Materials provided:
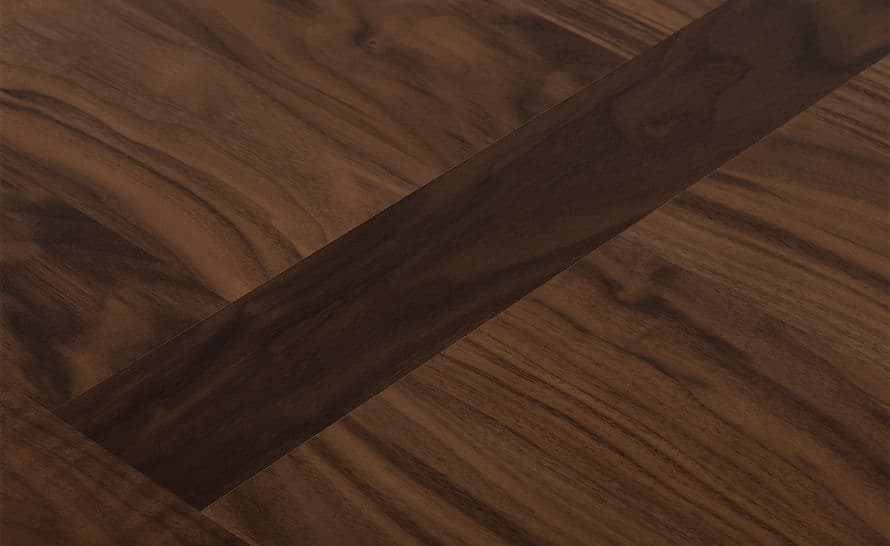 structure table 762 – thumbnail image #8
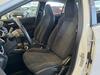 ONIX 1.0 FLEX PLUS LT MANUAL - 2025 - CAXIAS DO SUL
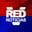 rednoticiasvregion.cl
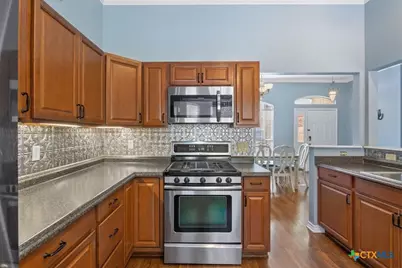 3106 Red Oak Drive, Belton, TX 76513 - Photo 10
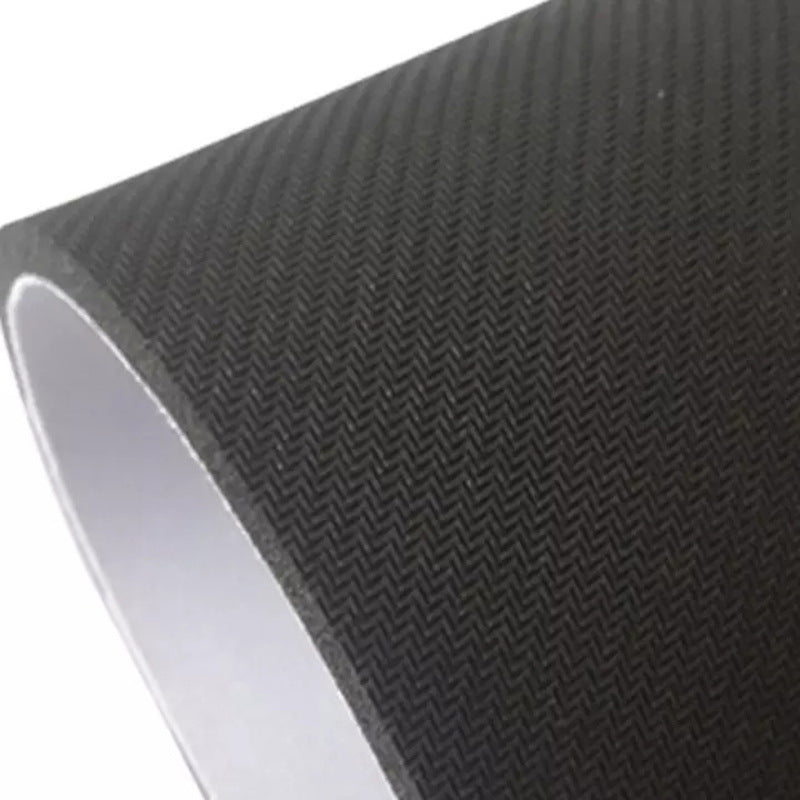 Gaming Office Fashion Cool Personality Small Mouse Pad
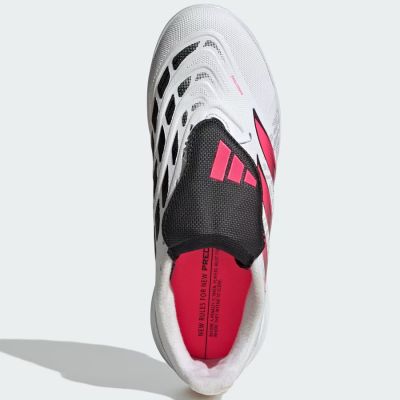 3. Adidas Predator League FT Jr TF Jr IH2103 shoes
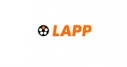 LAPPKABEL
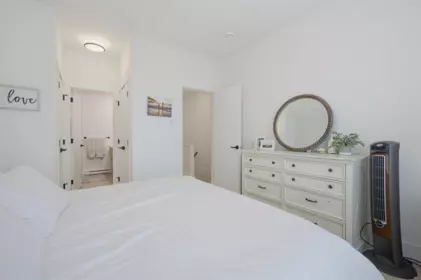 Office / Den Photo of 38006 Fairwater Place, Squamish, BC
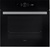 Whirlpool AKZ 6230 NB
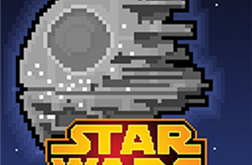 Star Wars: Tiny Death Star se actualiza con varias novedades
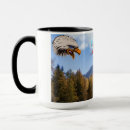 Search for sister birthday mugs Sibling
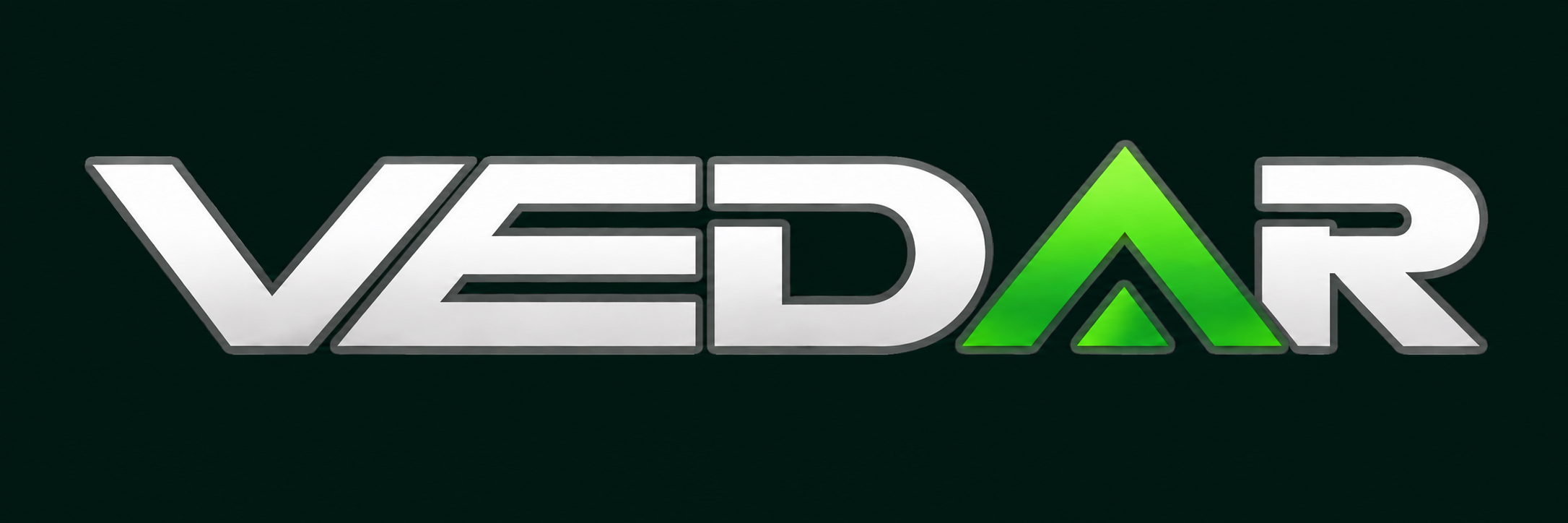 VEDAR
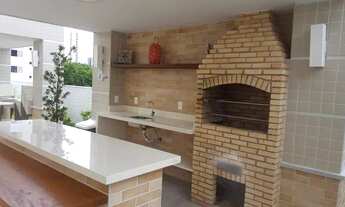 Imagem 7: APTO para alugar na cidade de FORTALEZA-CE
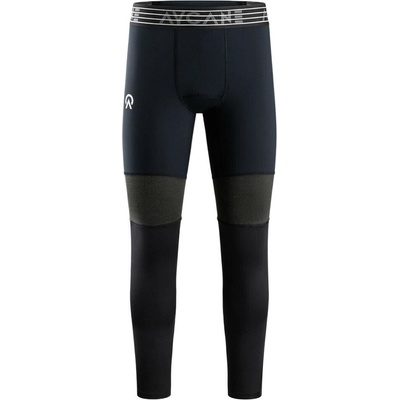 Aycane Blade Blade X Base Layer Pants SR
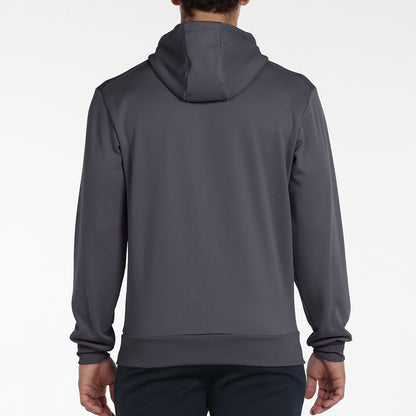 Sweat Bullpadel Baltar Noir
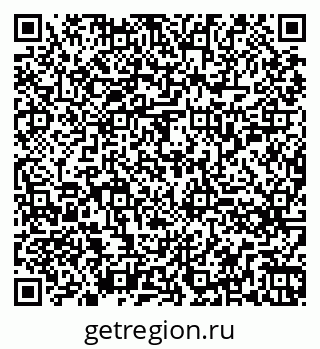 79260255584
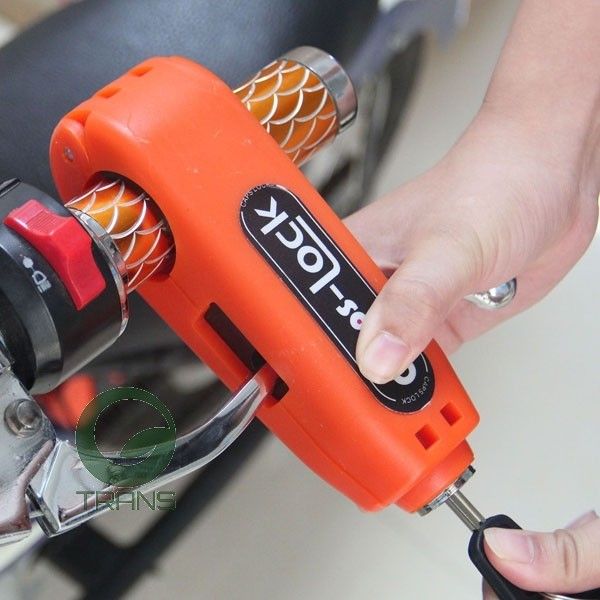khóa tay ga xe may, khóa tay ga tay thắng caps lock, khóa tay lái xe máy, khóa tay lái caps lock, khóa tay thắng xe máy, khóa tay thắng xe máy tonyiyon, khóa grip lock, khóa thắng caps lock, khoa cang xe tay ga,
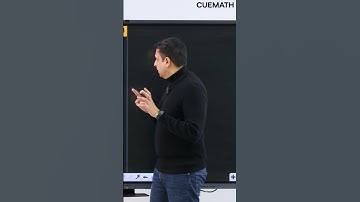 Find the extra number | 2024 AMC 8 Math Contest Problem 4  #education #olympiad #maths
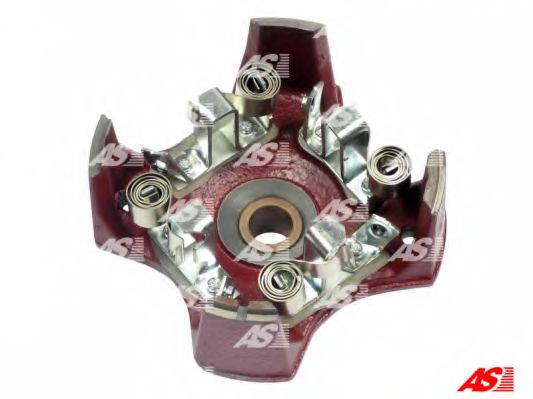 Щеткодержатель AS-PL SBH9007 9 - OTH. Ver.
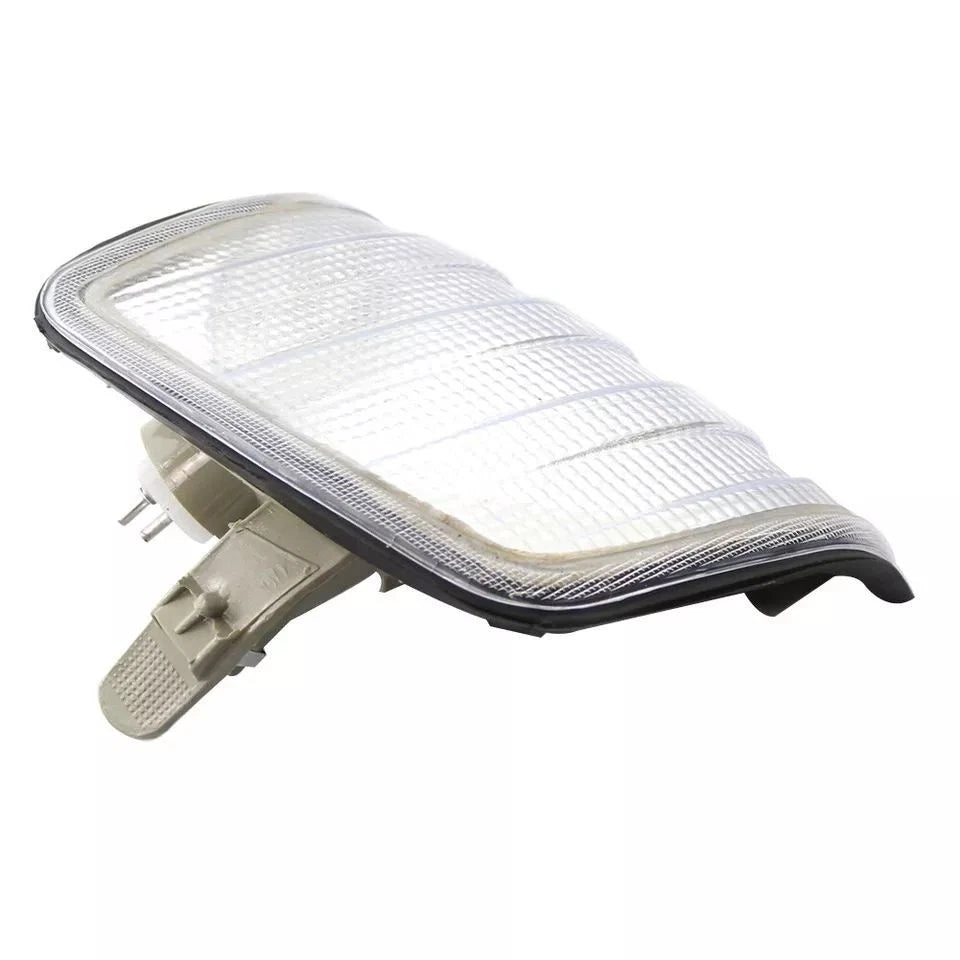 Corner Signal Lamp Parking Light for Mercedes E-Class W124 (1985–1995)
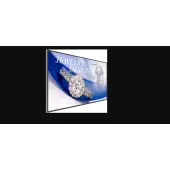 Benq ST5502S Smart Signage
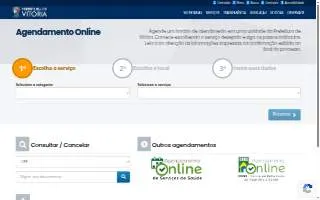 Intermintain Pet Hospital, Overland website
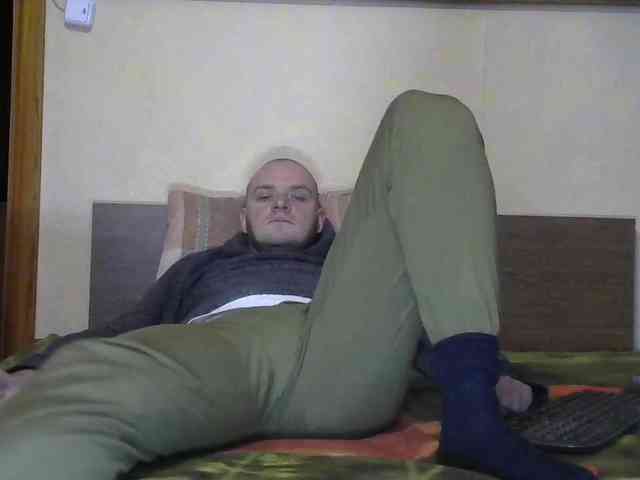 shevamodel shevamodel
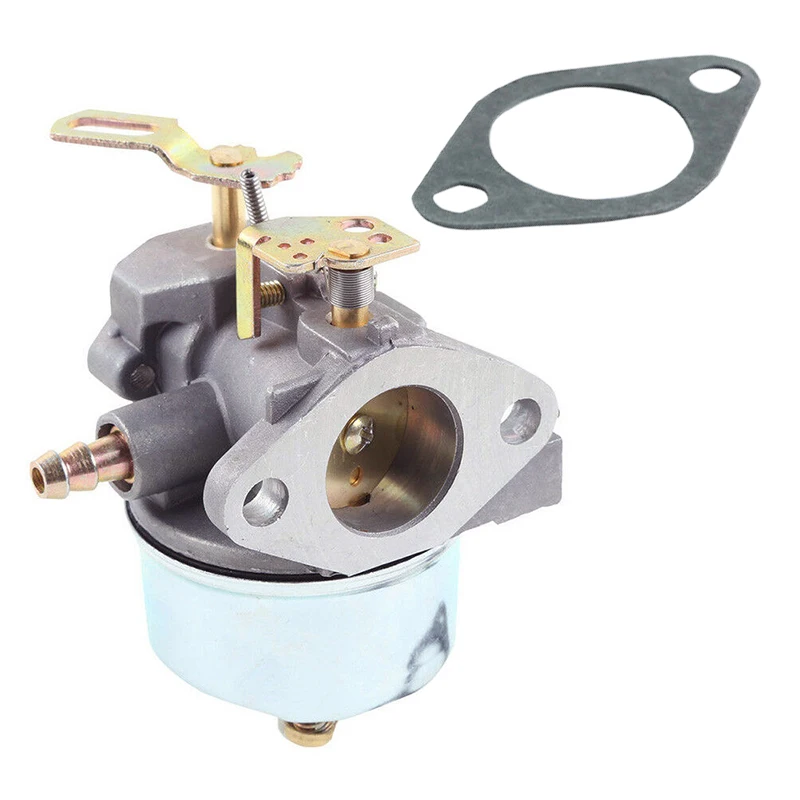 

Set Carburetor Carb Carburetor kit Hm70 hm80 hmsk80 Outdoor tools High Quality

About this exercise:
Nothing but the lines above from the one that has "3106 Red Oak" down to the one that has "79260255584" belongs in the answer, copied exactly, without pictures.

Expected answer:
 3106 Red Oak Drive, Belton, TX 76513 - Photo 10
 Gaming Office Fashion Cool Personality Small Mouse Pad
 3. Adidas Predator League FT Jr TF Jr IH2103 shoes
 LAPPKABEL
 Office / Den Photo of 38006 Fairwater Place, Squamish, BC
 Whirlpool AKZ 6230 NB
 Star Wars: Tiny Death Star se actualiza con varias novedades
 Search for sister birthday mugs Sibling
 VEDAR
 Imagem 7: APTO para alugar na cidade de FORTALEZA-CE
 Aycane Blade Blade X Base Layer Pants SR
 Sweat Bullpadel Baltar Noir
 79260255584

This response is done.